Better safe than sorry, he thought to himself in that moment of bliss, cautious, wary bliss.
The ‘sorry’ part of that statement hit him with the force that only hallway gossip can manage.
“I heard she’s in the hospital; apparently she had to drag herself home and beg her dad to drive her to the ER.” Becca Champlain said nonchalantly to her identically dressed posse as she sauntered down the hall, eyeing Marcus with the slyness of a writhing mamba.
He stopped in his tracks, his eyes had gone wide, with the naivety of a doe. ‘Dite was strong, and he hadn’t slammed her that hard. Besides, gossip was gossip, all of it was real until it was shattered by justice.
He tried calling her cell at lunch. It went right to her voicemail
“You’ve reached Aphrodite Rainsford, I’m not at my cell right now, so I’m probably doing something world record worthy. Don’t bother leaving a message, ‘aight?”
The tone let out a monotone beep.
“Hey, Goddess girl.” Marcus held the sleek rectangular box up to his lips. “I..I just wanted to check on you, after last night.”
Nothing else. Only that? Plastic, empty words that any careless bitch would use? Really, Marcus Ramos. You are an an AP English student, and you string along those words as an apology?
“Get back to me when you can, Lovey. Bye.”
His phone rang with the tinny melody of “Hotline Bling” just as he hopped out of the shower, glistening with steamy wet droplets. He struggled to pick up, just barely pressing the thing to his ear.
“Marcus?” It was Aphrodite’s dad, one of the two. Her biological dad was never around, he was a big-shot salesman, always hopping on and off flights to distant countries. He was never home.

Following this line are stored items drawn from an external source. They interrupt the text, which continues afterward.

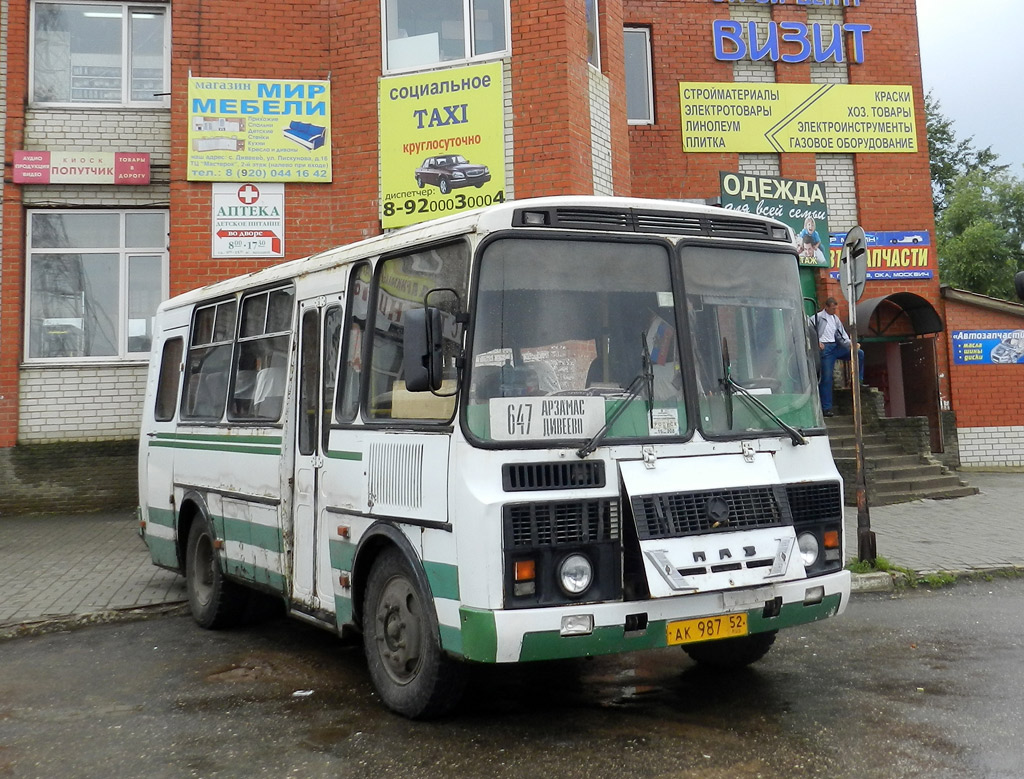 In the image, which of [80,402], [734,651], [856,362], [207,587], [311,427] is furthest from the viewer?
[80,402]

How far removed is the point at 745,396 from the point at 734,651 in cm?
166

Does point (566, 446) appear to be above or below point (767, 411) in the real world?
below

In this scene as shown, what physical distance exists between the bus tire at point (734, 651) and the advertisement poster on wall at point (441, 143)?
8024 millimetres

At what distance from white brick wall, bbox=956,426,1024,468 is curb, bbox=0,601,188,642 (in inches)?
570

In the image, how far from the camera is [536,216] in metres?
4.99

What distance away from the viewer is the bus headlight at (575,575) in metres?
4.65

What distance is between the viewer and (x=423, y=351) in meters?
4.79

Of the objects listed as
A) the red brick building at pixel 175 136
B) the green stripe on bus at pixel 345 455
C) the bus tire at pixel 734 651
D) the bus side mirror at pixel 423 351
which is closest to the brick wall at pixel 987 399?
the red brick building at pixel 175 136

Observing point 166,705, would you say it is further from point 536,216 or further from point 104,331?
point 104,331

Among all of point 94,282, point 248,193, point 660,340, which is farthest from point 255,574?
point 94,282

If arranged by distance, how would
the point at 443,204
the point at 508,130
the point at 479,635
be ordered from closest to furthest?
the point at 479,635, the point at 508,130, the point at 443,204

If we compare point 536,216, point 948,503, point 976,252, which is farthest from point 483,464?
point 976,252

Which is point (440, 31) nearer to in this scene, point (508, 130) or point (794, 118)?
point (508, 130)

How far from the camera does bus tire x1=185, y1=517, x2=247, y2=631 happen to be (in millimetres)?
7617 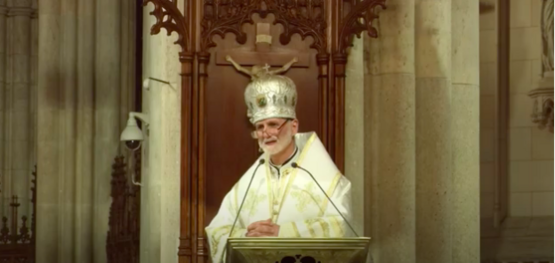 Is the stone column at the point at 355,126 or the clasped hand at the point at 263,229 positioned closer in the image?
the clasped hand at the point at 263,229

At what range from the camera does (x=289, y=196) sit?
10062 mm

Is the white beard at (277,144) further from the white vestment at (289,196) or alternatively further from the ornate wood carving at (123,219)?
the ornate wood carving at (123,219)

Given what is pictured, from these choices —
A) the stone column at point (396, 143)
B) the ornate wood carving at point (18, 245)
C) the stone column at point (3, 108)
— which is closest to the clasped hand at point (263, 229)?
the stone column at point (396, 143)

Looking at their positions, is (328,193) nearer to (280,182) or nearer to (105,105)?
(280,182)

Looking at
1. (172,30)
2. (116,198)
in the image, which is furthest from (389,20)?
(116,198)

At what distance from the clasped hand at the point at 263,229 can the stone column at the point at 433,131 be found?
7.57 ft

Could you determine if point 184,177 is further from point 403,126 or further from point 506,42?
point 506,42

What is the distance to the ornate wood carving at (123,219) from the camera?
636 inches

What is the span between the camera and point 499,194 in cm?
1510

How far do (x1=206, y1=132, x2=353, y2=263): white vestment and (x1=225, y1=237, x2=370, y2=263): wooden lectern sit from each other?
81cm

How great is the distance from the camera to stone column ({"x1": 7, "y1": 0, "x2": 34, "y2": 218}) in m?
20.9

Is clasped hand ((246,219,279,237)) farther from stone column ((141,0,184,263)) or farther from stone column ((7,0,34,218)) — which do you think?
stone column ((7,0,34,218))

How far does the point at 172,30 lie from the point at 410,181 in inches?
84.2

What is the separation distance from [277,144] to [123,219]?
6.69 m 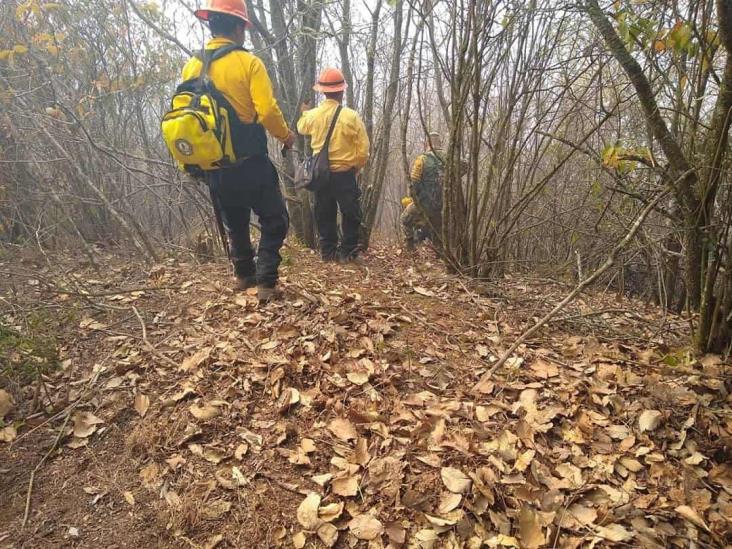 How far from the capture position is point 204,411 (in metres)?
2.24

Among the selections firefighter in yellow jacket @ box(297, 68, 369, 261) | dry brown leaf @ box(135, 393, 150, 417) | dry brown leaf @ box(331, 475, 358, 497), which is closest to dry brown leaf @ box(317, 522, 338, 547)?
dry brown leaf @ box(331, 475, 358, 497)

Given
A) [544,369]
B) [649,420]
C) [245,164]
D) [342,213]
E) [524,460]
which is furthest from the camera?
[342,213]

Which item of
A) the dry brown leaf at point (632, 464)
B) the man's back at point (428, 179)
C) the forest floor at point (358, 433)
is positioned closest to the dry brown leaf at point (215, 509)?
the forest floor at point (358, 433)

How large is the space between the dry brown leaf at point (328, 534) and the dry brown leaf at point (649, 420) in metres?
1.58

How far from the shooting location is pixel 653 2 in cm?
221

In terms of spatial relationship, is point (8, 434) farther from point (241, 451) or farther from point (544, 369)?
point (544, 369)

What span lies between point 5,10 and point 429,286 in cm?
590

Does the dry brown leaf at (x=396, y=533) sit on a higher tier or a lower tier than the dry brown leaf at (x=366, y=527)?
higher

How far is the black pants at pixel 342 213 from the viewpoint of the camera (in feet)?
14.7

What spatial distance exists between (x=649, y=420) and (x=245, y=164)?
287 centimetres

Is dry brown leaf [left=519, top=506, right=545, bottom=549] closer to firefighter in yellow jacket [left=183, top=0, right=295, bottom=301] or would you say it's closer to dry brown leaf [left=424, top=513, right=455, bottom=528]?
dry brown leaf [left=424, top=513, right=455, bottom=528]

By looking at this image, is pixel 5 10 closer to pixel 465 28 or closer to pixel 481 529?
pixel 465 28

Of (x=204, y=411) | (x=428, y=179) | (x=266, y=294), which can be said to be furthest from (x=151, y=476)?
Answer: (x=428, y=179)

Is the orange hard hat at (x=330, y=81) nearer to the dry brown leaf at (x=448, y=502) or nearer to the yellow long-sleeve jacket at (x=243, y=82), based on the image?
the yellow long-sleeve jacket at (x=243, y=82) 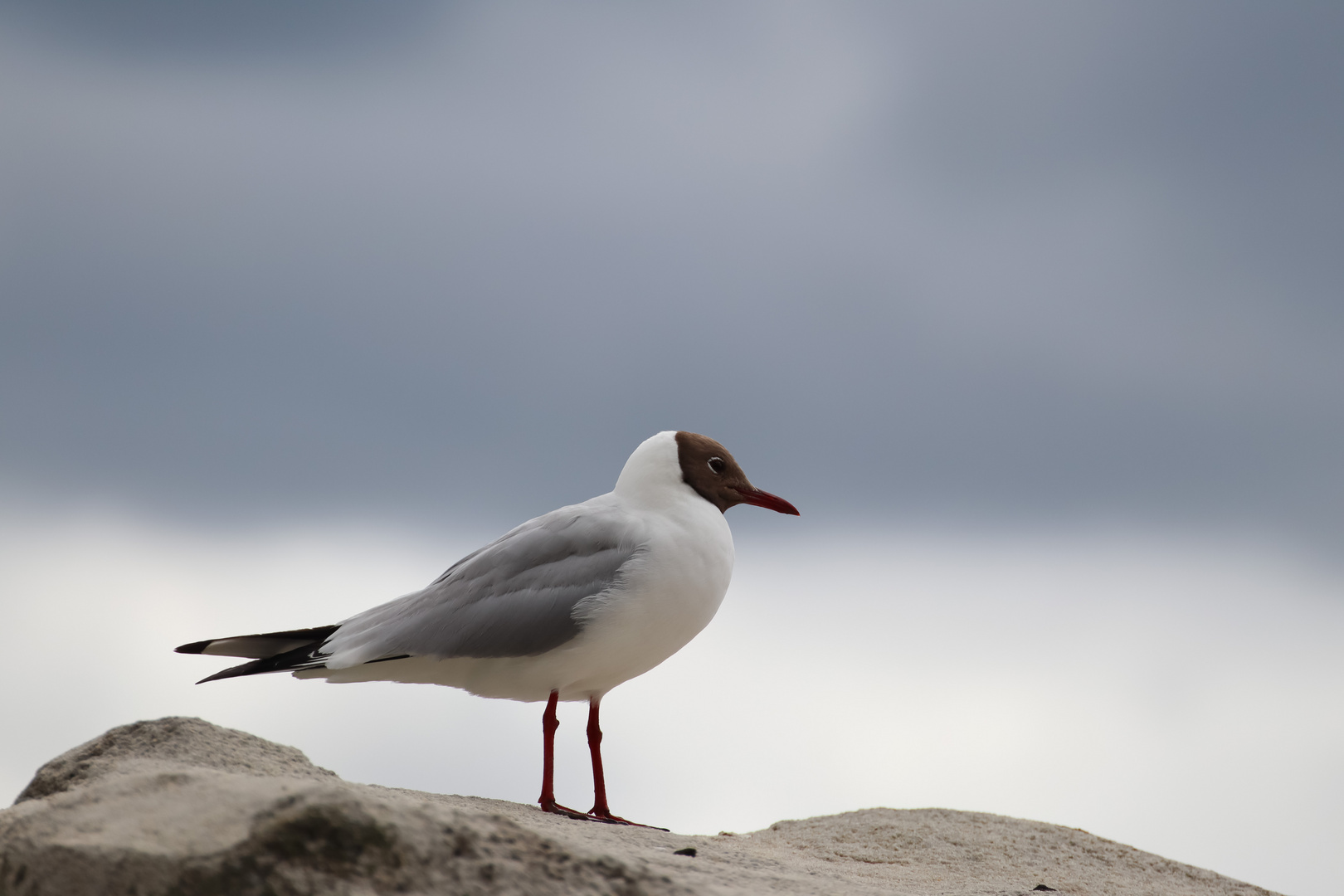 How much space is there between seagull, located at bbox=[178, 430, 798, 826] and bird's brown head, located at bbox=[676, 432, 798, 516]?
0.61 feet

“Mister Everton, hi.” Marcus said hesitantly. “Why are you calling from Aphrodite’s cell?” He dumbly blurted it out before he could stop himself from thinking it through completely.
“Marcus, it was awful. We’ve been at the hospital since two in the morning. He beat her again, hard.” Mister Everton began to sob, and it was clear that he’d been holding in these tears for the past day and a half. A strong man is what he was.
“She came home drenched, and..Adonis was drinking again. He just slammed her to the floor and started from where he left off the last time.”
“Is she gonna be okay?” He turned his head away from the receiver, and hung it low, feeling the shag carpeted world around him spin.
“Her injuries are..harsh, to say the least. I should know, I was the one who drove her there.
“Everything major has been fixed up, but what we’re really worried about here is her fever. It just can’t seem to break; it only spikes higher an’ higher.”
Aphrodite was burning.
His best friend was burning, just because of a goddamn kiss and cheap green CVS stick-on nails.
She looked awful.
Her pale, canvas white complexion was ruined by Pollock style spatters of maroon and purple. Not a freckle was to be seen, only the reddish slopes of heat. Her eyes were half open, but even they had lost their spark, their lust for adventure. Her hair snaked around her pillows like furious serpents, their unending rage was present in the sterile environment.
He brushed his neon green fingertips lightly grazed the knots in her hair that had entangled themselves from days without washing.
Her eyes followed the green nails, and he could see the filmy blue water of realization blur out her irises. They spilled over and didn’t stop.
“This is why I didn’t return your kiss, ‘Dite.” He whispered.
She turned on her side, took one last soft, exhausted sigh, and never moved again.
She died too young, and at the hands of a boy who couldn’t love her back. Just like every heartbreak there ever was, until the words were falling apart, curling with the thousands of times it had been said, over and over again.
This was just another example of a failure. Love was gone, yet again.